Wednesday, September 25, 2019

Q&A with Julie Satow

Julie Satow is the author of the new book The Plaza: The Secret Life of America's Most Famous Hotel. She is a regular contributor to The New York Times, and she lives in New York City.

Q: Why did you decide to write about the history of the Plaza hotel?

A: I cover real estate, mostly for The New York Times, and had been writing about the building over the years. I also grew up in New York City, and was married at the hotel. It’s such an iconic building; it’s dominant on the skyline. The building always intrigued me. When I started to research it, I found no one had written a real history of the hotel since the 1960s. It was ripe for a book project.

Q: How did you research the book?

A: The research was one of the most exciting parts. I’m a journalist, but I couldn’t interview people for the historical part. There are so many newspaper articles that are digitized now, so you can put in key words and amazing articles would come up. I uncovered all these stories—I read through tens of thousands of articles. One of the first things I found was a murder when they constructed the hotel. And for the more recent times, I did the classic journalist thing, and interviewed people.

Q: What impact did Donald Trump’s ownership have on the hotel?

A: It was a pretty critical moment. He bought the hotel at the height of the ‘80s. He was a real estate golden boy at the time. He paid a historic sum—half a million dollars per hotel room. He borrowed it from a consortium of banks—it was a quintessential Trump deal. He acknowledged that it made no financial sense.

He put Ivana in charge—she did an excellent job. She made a success of the hotel. But he made such a bad business deal—the hotel made money, but he couldn’t cover the debt on the hotel. He was the only person to bankrupt the Plaza.

Also as a result of his ownership, creditors took over the hotel, and there was the beginning of foreign ownership of the Plaza. Now the Qatari government owns the hotel. His ownership has affected the way the Plaza is—it was a turning point.

Q: What would you say are some of the most common perceptions and misperceptions about the Plaza?

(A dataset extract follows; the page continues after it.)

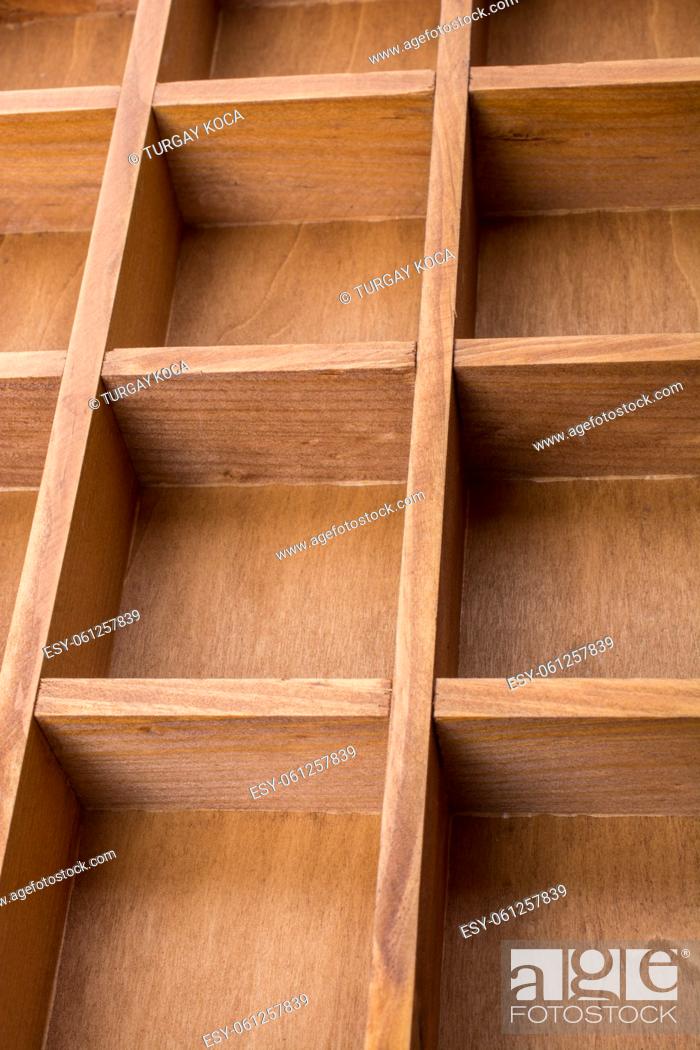 Stock Photo: Close up of a wooden box with compartments.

A: When most people see it, they think of Eloise, or the Beatles staying there, or Truman Capote’s black and white ball. That’s true—it’s been filled with celebrities.

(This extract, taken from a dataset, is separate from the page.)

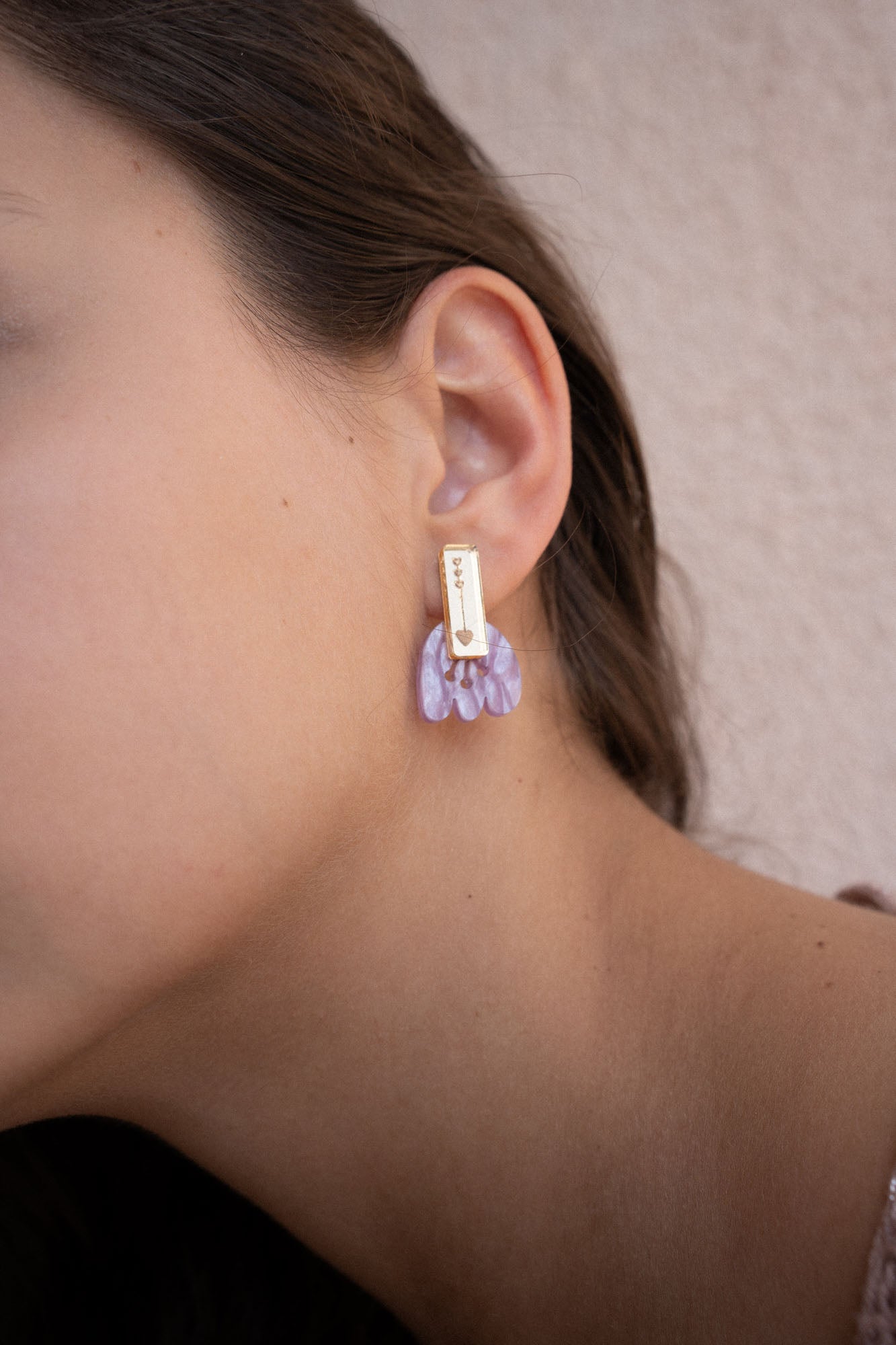 Close-up of a person wearing a gold rectangular earring with marbled purple acrylic petal-shaped accents, against a light beige background. Showcased on the left ear, these Romantic Tulip Earrings offer allergy-free comfort.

But there’s so much more—it’s a lens to tell a social history of New York. It’s the story of New York—a window to see what happened in New York through the past decades to today.

Q: What do you see looking ahead for the hotel?

A: Now, it’s largely condominiums owned by very wealthy people. Most of them don’t live there full-time. There is still a boutique hotel. That will not change going forward. It’s a landmark so they can’t change the façade. It’s been through a rough patch in recent years. I went to India to visit the [then-] owner—the government wants him to pay billions for a bond scheme. He had financial and legal issues. A year ago it was sold to the Qatari government…their partners may include a Saudi prince and other partners.

My hope is that they’ll spend some money on the hotel. The rooms like the Oak Room and the Edwardian Room are closed. I hope they’ll make a deal with the unions and reopen them, and splurge on the hotel. It won’t be a huge moneymaker, but it’s a symbol of New York.

Q: What are you working on now?

A: I’m working on some articles, and researching a new book proposal. I’m traveling and doing interviews for the book. It’s a lot. I’m excited!

Q: Anything else we should know?

A: The book can appeal to a wide range of readers—people who are interested in history, in investigative reportage. There’s a lot of celebrity stuff in there, but also historical research. I hope people read it!